## EXTRACTED MATERIAL
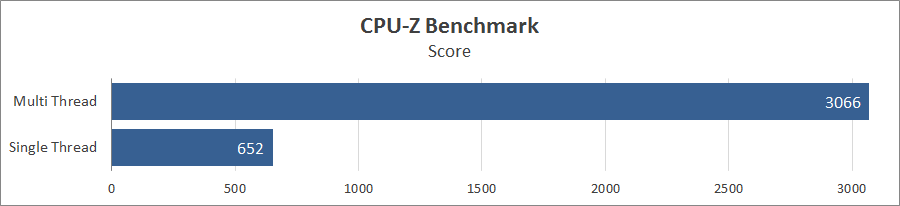 Acer Swift X SFX16-51G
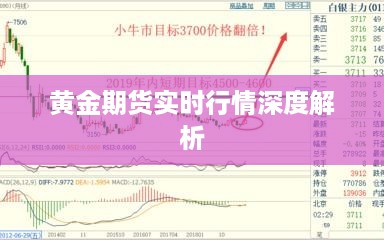 黄金期货实时行情深度解析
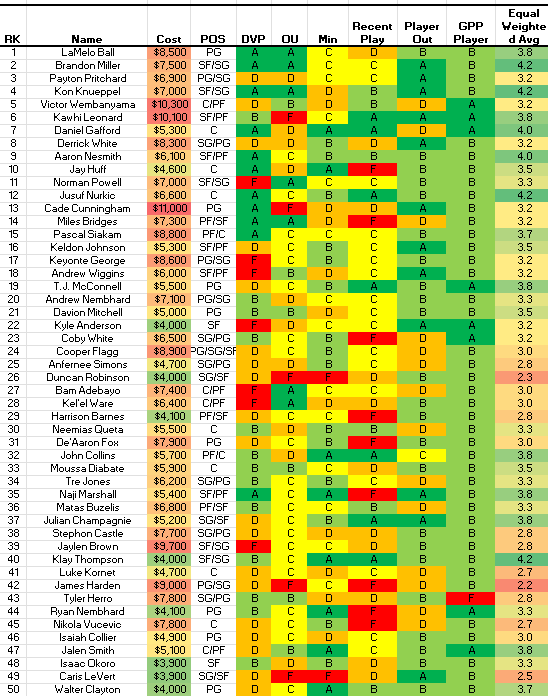 GudaceDFS_NBA's tweet photo. 1/10 made a few changes; I added some risk for players with more variable fppm standard deviations. this is the GPP column. A=more risk player, meaning they have a high deviation/potential upside. #NBADFS #DFS #PlayersILike #DFSPlays #NBAProjections #FanDuelDFS #GPP #DFSValue https://t.co/qQmxJrhroN
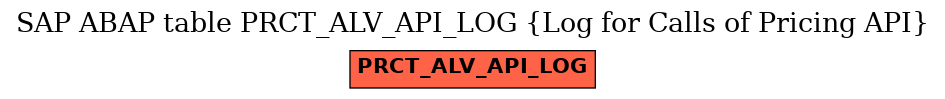 E-R Diagram for table PRCT_ALV_API_LOG (Log for Calls of Pricing API)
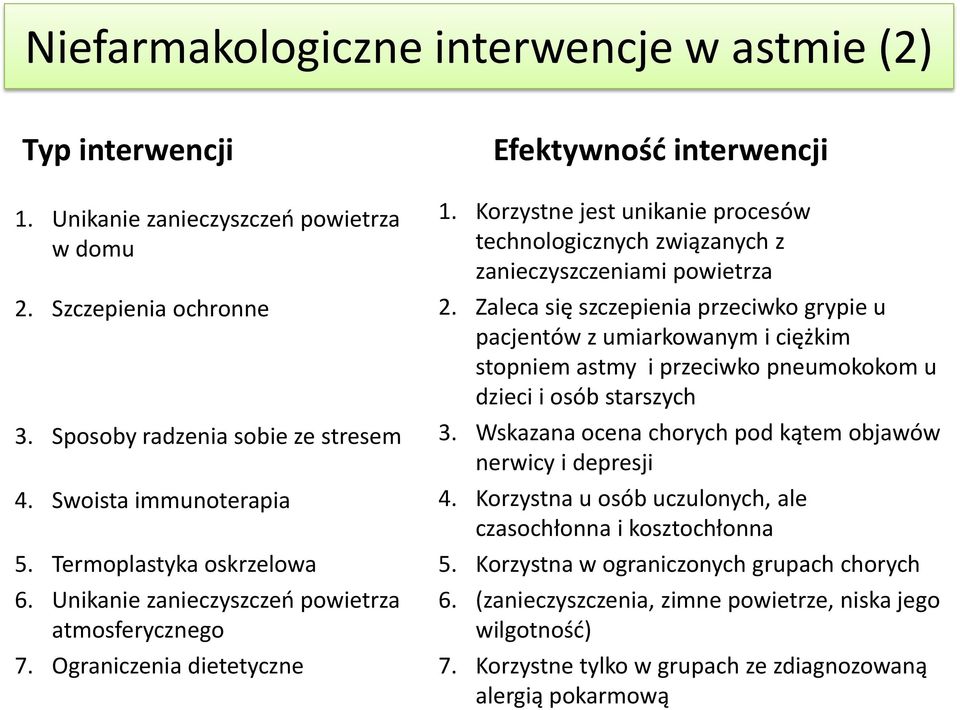 Korzystne jest unikanie procesów technologicznych związanych z zanieczyszczeniami powietrza 2.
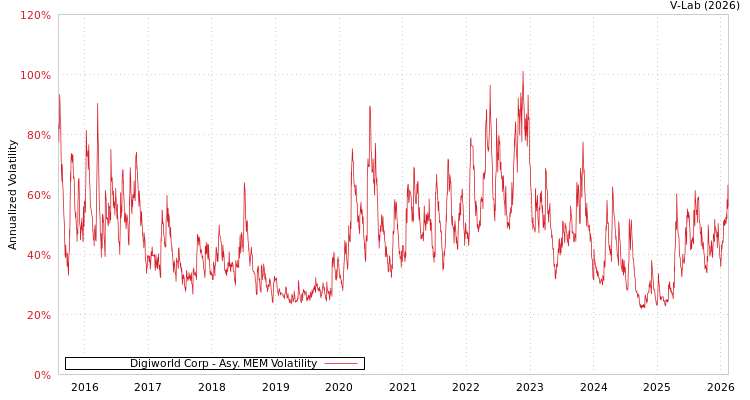 graph of Digiworld Corp AMEM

## TRY IT
Each record should be written out again exactly, though without its pictures.

## RESPONSE BOX
 Acer Swift X SFX16-51G
 黄金期货实时行情深度解析
 GudaceDFS_NBA's tweet photo. 1/10 made a few changes; I added some risk for players with more variable fppm standard deviations. this is the GPP column. A=more risk player, meaning they have a high deviation/potential upside. #NBADFS #DFS #PlayersILike #DFSPlays #NBAProjections #FanDuelDFS #GPP #DFSValue https://t.co/qQmxJrhroN
 E-R Diagram for table PRCT_ALV_API_LOG (Log for Calls of Pricing API)
 Korzystne jest unikanie procesów technologicznych związanych z zanieczyszczeniami powietrza 2.
 graph of Digiworld Corp AMEM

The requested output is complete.